Il résulte des éléments du dossier, des pièces communiquées et des débats d’audience que si à ce jour, M. [O] [L] est manifestement dans l’impossibilité de faire face à l’ensemble de ses dettes non professionnelles exigibles et à échoir, il a toutefois récemment retrouvé un emploi pérenne dans le cadre d’un contrat de travail à durée indéterminée dont le salaire correspondant à un mois complet n’est pas connu mais qui sera en tout état de cause supérieur au montant des allocations chômage qu’il percevait lors de l’examen de sa situation par la Commission de surendettement des particuliers.
Au regard de ces éléments, il ne peut être considéré que la mise en œuvre des mesures de traitement du surendettement prévues aux articles L.733-1, 4 et 7 du Code de la consommation, (moratoire, plan de remboursement combiné le cas échéant avec un effacement partiel de créances) soit manifestement impossible et que la situation de M. [O] [L] soit irrémédiablement compromise au sens de l’article L.724-1 1° du code de la consommation.
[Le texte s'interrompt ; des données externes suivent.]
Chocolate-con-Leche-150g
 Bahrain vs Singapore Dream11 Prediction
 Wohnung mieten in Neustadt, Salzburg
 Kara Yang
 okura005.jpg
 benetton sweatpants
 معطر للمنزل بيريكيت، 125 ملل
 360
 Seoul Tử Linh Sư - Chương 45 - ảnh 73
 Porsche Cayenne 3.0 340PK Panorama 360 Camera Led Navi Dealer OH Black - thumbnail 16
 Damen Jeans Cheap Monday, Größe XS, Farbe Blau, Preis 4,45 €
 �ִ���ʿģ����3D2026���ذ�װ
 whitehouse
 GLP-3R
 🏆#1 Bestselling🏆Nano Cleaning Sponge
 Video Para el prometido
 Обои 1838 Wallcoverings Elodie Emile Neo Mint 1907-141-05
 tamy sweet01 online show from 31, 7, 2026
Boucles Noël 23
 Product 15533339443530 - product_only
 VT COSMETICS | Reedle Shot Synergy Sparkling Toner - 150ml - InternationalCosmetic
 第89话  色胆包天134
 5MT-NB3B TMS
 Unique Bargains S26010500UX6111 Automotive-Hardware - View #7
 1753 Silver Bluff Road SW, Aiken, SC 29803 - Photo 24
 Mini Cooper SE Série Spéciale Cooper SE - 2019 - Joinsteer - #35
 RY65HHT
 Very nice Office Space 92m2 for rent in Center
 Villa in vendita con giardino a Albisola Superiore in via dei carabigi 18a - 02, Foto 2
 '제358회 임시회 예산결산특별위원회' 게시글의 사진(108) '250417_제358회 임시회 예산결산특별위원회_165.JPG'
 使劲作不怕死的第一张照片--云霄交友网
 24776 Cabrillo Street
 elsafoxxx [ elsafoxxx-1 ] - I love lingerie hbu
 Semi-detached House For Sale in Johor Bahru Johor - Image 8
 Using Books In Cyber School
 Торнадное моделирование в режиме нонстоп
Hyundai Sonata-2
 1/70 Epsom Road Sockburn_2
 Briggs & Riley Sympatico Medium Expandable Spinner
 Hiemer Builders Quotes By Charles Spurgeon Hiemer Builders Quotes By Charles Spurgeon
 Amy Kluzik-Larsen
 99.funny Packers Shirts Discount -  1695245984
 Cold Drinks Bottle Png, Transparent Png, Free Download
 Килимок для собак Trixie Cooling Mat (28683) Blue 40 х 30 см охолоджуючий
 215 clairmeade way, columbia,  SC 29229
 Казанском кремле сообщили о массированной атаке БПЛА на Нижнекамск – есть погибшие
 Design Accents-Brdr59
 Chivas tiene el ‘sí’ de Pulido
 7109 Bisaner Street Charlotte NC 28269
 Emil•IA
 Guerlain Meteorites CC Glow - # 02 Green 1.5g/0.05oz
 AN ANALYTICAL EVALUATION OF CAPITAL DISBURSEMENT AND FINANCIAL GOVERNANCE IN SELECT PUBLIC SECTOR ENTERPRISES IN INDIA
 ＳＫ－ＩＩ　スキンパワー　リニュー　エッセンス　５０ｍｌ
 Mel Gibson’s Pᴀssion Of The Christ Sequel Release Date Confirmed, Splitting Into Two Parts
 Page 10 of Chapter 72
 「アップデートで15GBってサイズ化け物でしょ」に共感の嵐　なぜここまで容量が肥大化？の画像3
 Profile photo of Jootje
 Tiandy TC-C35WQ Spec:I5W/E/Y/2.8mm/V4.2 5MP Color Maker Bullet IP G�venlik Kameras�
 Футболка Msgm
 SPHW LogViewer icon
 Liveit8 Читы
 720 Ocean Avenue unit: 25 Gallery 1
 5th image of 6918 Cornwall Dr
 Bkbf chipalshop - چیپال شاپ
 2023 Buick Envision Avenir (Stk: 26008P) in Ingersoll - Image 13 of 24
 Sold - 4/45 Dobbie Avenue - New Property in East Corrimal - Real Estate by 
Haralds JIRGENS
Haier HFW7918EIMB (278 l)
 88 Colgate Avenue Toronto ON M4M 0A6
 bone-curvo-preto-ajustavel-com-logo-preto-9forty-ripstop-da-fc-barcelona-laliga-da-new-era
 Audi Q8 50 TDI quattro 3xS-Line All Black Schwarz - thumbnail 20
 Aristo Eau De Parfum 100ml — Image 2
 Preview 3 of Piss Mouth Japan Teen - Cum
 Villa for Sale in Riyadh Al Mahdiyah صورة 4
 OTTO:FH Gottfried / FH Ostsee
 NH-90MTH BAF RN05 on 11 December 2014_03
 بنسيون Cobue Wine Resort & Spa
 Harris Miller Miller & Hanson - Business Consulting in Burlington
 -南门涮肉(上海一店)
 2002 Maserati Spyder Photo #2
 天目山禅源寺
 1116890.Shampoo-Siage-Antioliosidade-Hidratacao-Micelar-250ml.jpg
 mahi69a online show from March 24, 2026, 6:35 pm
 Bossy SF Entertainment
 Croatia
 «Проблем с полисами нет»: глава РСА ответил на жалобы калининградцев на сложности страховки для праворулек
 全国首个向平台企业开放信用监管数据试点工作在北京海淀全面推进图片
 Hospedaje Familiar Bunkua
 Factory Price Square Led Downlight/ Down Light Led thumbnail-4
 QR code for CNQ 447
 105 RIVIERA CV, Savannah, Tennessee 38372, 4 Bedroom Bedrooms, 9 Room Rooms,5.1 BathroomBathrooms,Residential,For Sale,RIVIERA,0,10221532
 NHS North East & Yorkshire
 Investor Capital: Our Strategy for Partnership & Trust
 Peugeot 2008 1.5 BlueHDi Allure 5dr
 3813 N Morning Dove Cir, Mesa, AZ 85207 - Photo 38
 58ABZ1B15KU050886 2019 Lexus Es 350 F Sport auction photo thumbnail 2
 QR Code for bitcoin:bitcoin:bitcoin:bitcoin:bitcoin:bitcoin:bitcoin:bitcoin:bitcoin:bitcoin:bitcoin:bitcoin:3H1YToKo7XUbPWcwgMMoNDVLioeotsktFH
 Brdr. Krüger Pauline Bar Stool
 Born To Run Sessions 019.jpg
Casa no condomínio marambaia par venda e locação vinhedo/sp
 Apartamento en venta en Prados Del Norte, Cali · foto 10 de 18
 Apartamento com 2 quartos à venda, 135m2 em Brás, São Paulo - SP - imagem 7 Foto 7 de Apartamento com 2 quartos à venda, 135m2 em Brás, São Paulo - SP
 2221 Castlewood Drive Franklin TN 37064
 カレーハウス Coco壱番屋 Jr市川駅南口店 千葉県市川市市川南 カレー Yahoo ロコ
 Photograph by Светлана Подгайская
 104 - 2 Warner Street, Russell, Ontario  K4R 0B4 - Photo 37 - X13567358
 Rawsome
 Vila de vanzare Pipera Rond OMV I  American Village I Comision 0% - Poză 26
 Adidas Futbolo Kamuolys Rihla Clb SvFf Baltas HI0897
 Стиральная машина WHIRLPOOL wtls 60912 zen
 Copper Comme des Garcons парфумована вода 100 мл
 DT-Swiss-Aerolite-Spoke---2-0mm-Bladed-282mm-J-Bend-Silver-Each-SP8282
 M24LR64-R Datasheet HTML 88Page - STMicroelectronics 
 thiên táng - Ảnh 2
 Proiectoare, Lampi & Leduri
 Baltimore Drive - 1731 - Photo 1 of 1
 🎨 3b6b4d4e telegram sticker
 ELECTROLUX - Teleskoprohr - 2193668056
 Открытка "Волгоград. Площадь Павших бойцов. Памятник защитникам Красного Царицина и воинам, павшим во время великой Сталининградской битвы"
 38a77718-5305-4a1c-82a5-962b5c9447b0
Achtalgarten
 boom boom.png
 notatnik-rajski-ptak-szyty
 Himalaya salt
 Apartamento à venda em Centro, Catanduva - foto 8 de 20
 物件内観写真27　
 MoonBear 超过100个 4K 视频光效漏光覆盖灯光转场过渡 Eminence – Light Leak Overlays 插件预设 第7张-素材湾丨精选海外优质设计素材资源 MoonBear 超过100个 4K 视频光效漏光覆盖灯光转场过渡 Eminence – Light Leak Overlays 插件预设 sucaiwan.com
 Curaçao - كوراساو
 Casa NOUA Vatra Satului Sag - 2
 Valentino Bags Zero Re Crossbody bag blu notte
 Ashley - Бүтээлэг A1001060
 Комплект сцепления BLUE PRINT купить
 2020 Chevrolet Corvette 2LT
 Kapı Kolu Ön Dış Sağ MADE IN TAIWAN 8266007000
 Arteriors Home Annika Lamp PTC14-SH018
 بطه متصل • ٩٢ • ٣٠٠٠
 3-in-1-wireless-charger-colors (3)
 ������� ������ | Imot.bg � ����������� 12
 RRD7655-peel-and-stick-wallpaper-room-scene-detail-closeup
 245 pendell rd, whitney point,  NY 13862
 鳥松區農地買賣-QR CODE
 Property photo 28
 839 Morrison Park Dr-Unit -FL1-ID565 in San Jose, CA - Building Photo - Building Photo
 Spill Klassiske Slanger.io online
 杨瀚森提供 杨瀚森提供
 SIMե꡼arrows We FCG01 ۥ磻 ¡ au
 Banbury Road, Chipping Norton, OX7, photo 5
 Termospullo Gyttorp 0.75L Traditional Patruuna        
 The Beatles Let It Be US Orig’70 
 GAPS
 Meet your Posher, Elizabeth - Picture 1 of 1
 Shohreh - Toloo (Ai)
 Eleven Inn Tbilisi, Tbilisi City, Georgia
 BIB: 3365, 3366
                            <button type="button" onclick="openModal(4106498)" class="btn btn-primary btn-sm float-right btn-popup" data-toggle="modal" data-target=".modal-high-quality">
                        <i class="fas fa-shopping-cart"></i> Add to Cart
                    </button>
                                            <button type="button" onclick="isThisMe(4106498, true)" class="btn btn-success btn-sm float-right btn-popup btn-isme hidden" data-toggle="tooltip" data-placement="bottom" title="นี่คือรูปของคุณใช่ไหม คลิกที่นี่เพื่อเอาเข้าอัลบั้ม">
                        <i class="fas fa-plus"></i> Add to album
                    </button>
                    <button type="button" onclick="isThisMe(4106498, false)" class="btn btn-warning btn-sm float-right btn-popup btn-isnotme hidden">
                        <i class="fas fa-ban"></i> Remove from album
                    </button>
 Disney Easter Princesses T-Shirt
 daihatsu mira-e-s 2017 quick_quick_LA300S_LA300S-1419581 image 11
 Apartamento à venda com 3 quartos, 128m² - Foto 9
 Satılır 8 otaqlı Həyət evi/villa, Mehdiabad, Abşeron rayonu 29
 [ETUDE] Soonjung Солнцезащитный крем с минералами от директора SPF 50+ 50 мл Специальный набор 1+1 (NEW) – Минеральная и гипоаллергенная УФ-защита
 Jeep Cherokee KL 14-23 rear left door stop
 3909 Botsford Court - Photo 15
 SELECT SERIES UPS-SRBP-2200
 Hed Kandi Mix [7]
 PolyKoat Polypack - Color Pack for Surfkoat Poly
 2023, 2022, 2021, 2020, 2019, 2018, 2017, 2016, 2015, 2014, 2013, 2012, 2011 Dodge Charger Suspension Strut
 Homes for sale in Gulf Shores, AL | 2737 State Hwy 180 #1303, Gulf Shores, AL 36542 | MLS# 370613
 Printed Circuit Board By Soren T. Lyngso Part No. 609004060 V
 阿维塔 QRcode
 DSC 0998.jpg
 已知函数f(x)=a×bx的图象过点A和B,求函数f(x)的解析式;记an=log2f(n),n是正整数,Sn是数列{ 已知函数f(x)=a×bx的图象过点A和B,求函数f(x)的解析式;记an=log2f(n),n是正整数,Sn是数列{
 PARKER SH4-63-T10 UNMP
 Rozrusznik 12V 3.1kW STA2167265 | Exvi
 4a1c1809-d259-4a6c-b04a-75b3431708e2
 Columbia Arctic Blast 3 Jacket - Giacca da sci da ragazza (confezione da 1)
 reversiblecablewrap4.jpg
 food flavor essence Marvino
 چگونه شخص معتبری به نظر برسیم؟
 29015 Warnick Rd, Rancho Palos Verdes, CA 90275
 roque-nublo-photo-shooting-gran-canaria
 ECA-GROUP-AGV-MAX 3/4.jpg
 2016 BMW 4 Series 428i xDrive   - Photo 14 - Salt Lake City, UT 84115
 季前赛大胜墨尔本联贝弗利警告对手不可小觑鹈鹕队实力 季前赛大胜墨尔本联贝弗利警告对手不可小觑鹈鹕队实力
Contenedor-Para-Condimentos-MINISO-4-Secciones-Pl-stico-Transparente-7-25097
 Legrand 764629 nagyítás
Il y aura donc lieu de renvoyer son dossier à la Commission en application de l’article L.741-6 dernier alinéa du code de la consommation.
PAR CES MOTIFS
Le juge des contentieux de la protection, statuant après débats en audience publique, par jugement réputé contradictoire et en premier ressort, rendu par mise à disposition au greffe :
— Déclare recevable et bien fondé le recours de l’OPH [Localité 9] Habitat à l’encontre du rétablissement personnel sans liquidation judiciaire de M. [O] [L] imposé le 22 mai 2025 par la Commission de surendettement des particuliers de la [Localité 9] ;
— Dit n’y avoir lieu de prononcer un rétablissement personnel sans liquidation judiciaire ;
— Renvoie le dossier de M. [O] [L] à la Commission de surendettement des particuliers de la [Localité 9] ;
— Rappelle que la présente décision est exécutoire de droit ;
— Dit que les dépens restent à la charge du Trésor Public ;
— Dit que le présent jugement sera notifié aux parties par lettre recommandée avec accusé de réception et à la Commission de surendettement des particuliers de la [Localité 9] par lettre simple.